We reckon the Rs 6/6/13 per litre export tax levied on petrol/ATF/diesel shall shave off $6.3/bbl GRM, or EPS upside of Rs 2.5/month for RIL below the bottom case—“exports of both refineries are taxed, but no export-parity pricing on domestic sales”. Even so, we retain present estimates as we bake in a conservative FY23E GRM of $12/bbl. As OMCs are net-buyers of petrol and diesel, they could achieve 11–51% if home sourcing is pegged to export-parity value.
All in all, we’re reducing ONGC’s internet oil FY23E value to $65/bbl following the $40/bbl tax, and downgrade it to ‘Hold’. ONGC’s estimated ~50% fuel value hike from Oct-22 is now in danger, and shall be optimistic for CGDs: IGL, MGL, GGL. Retain ‘BUY’ on RIL, OMCs and CGDs.
RIL: $6.3/bbl GRM influence
The GoI’s extra tax quantities to $6.3/bbl (diesel $26.2, Petrol/ATF $12.1) for RIL below base case. While it appears RIL’s export (SEZ) refinery shall additionally fall below tax purview, we really feel this may occasionally get modified and, therefore, current three eventualities: i) Worst-case: Impact of 38% (Rs 305 bn, $12.5/bbl) on FY23E consolidated earnings or Rs 5/month on EPS. ii) Base-case: 19% influence (Rs 152 bn, $6.3/bbl) or Rs 2.5/m on EPS. iii) Best-case: 6% (Rs 46 bn, $1.9/bbl) or Rs 0.8/m on EPS.

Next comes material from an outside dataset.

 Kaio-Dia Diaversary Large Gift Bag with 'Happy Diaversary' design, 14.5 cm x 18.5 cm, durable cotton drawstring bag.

ONGC: $40/bbl hit on internet realisation
GoI has imposed an extra excise responsibility of Rs 23,250/ton ($40/bbl) on home crude oil manufacturing amid surging costs. This interprets into post-tax influence of 54% (Rs 380 bn, $30/bbl) on FY23 consolidated earnings or Rs 2.5/month. However, we imagine the GoI’s intent could be to cap ONGC’s realisations at $60–70/bbl, and therefore it ought to scale back cess as soon as oil costs fall. We are thus reducing FY23E common realisation to $65/bbl (from $90/bbl). This erodes ONGC’s consolidated earnings by 25% (Rs 131 bn) or EPS by Rs 1.2/month.
Outlook and valuation
The odds of the windfall achieve tax going away shall rise as soon as crude costs normalise in the long term. Based on the present system, we reckon ONGC’s fuel realisation would rise from $6.1/mmbtu to $9/mmbtu in H2FY23. But now, the danger of GoI capping ONGC’s fuel value realisation can also be excessive; nevertheless, that could be a optimistic for CNG corporations resembling IGL, MGL and Gujarat Gas (GGL). We are reducing ONGC’s FY23E EBITDAX by 18% and TP by 17% to Rs 148; downgrade to “HOLD”.
Our present forecasts on RIL already conservatively think about $12/bbl GRM for FY23E, which needs to be achievable regardless of the windfall tax. Hence we’re preserving earnings and TP (Rs 3,205) unchanged.